Records for processing:
== Segment start ==
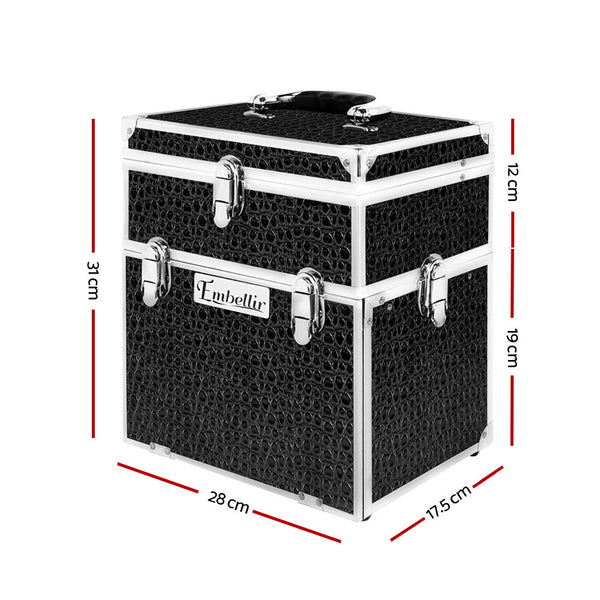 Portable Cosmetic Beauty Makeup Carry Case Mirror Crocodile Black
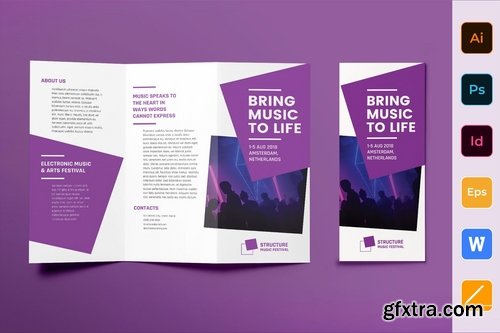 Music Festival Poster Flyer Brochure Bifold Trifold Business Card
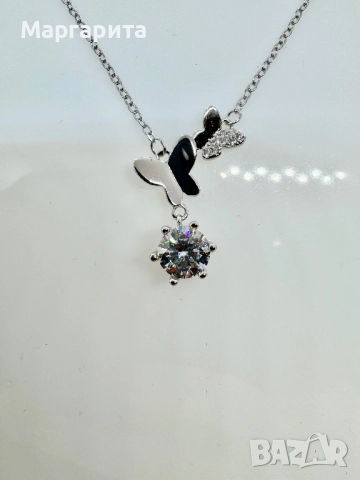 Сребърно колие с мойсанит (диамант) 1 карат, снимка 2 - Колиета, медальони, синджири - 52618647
== Segment end ==
== Segment start ==
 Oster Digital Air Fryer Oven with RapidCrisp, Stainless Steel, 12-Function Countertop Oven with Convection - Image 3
== Segment end ==
Exercise brief: Every line from the one with "Portable Cosmetic Beauty" through the one with "Сребърно колие с" is to be reproduced exactly as written above, and the pictures are to be dropped.

Expected answer:
 Portable Cosmetic Beauty Makeup Carry Case Mirror Crocodile Black
 Music Festival Poster Flyer Brochure Bifold Trifold Business Card
 Сребърно колие с мойсанит (диамант) 1 карат, снимка 2 - Колиета, медальони, синджири - 52618647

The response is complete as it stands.